(Entries taken from a collection)
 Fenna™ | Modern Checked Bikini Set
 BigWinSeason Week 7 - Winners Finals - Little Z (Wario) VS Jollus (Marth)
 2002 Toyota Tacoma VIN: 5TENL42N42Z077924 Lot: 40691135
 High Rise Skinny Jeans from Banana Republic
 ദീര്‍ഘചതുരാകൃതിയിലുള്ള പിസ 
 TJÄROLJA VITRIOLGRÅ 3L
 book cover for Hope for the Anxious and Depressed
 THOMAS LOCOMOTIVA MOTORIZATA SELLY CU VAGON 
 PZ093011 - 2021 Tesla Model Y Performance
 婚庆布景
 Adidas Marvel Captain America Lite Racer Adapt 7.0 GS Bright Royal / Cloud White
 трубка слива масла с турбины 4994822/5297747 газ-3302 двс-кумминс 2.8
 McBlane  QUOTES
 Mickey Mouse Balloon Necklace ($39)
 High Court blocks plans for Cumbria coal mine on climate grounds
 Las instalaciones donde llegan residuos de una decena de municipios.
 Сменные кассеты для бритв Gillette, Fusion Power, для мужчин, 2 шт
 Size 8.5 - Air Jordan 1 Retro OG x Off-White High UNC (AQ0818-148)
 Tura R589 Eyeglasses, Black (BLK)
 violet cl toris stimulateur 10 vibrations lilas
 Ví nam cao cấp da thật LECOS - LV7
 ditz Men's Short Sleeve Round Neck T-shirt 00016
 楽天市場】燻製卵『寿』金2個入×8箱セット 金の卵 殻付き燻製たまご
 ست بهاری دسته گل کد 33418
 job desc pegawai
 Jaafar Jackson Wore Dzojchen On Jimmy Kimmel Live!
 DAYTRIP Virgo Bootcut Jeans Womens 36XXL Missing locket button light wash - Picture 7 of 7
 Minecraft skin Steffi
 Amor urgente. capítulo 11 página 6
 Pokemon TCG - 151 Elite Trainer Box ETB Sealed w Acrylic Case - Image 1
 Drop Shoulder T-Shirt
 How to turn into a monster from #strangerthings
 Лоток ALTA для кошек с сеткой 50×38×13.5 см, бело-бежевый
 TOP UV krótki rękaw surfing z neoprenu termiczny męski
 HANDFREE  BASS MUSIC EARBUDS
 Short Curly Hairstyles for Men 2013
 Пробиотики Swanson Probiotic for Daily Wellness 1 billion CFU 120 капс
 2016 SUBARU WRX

• **Exercise aim**
Copy every line of the records above that contains "High".

• **Exercise output**
 High Rise Skinny Jeans from Banana Republic
 High Court blocks plans for Cumbria coal mine on climate grounds
 Size 8.5 - Air Jordan 1 Retro OG x Off-White High UNC (AQ0818-148)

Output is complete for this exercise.